Although their name sounds more like somewhere you might catch a Los Lonely Boys¹ gig of a Saturday Night, San Angelo bars are pretty much as far from beer halls as you can imagine. Sometimes called a "rock bar" (also a venue where you might see Los Lonely Boys play, I guess), a San Angelo bar is essentially a seventeen-pound steel pencil. You can't buy a drink at one and you most likely won't hear any music, but when it comes to prying out a rock or busting through a hard streak when you're digging a post hole, you sure can't beat one.

Post holes are exactly why I have one - digging new holes and busting the cement out of old ones. I’m talking situations like a recent fence repair, courtesy of a 60-mph wind and a string of rotten, 20-year-old posts…. not to mention 95-degree heat.

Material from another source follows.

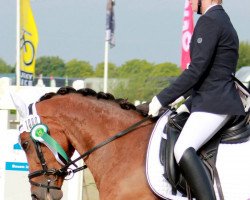 dressage horse Solveyg (Deutsches Reitpony, 2005, from Apslau xx)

Mine is the classic San Angelo bar design manufactured by Ludell Tool. A drop-forged steel bar with a one-inch hexagonal cross-section, it's seventy inches long and came painted with dark green enamel (newer bars are black). One end is pointed, as if the bar had been plugged into a super-sized (and super-tough) pencil sharpener. The opposite end is flattened into a dull chisel point 2½" wide. All told, it weighs seventeen pounds. Because it’s long and solid, a San Angelo bar is perfect for prying loose a heavy rock you encounter when digging. The pointy end can pierce dense, hard layers of soil, which is especially useful for digging post holes. Seventeen pounds of hardened steel launched two or three feet onto that point does a fine job on tough soil layers: a former neighbor once punched through what he thought was rock with his rock bar only to realize he'd poked a hole in the top of his septic tank!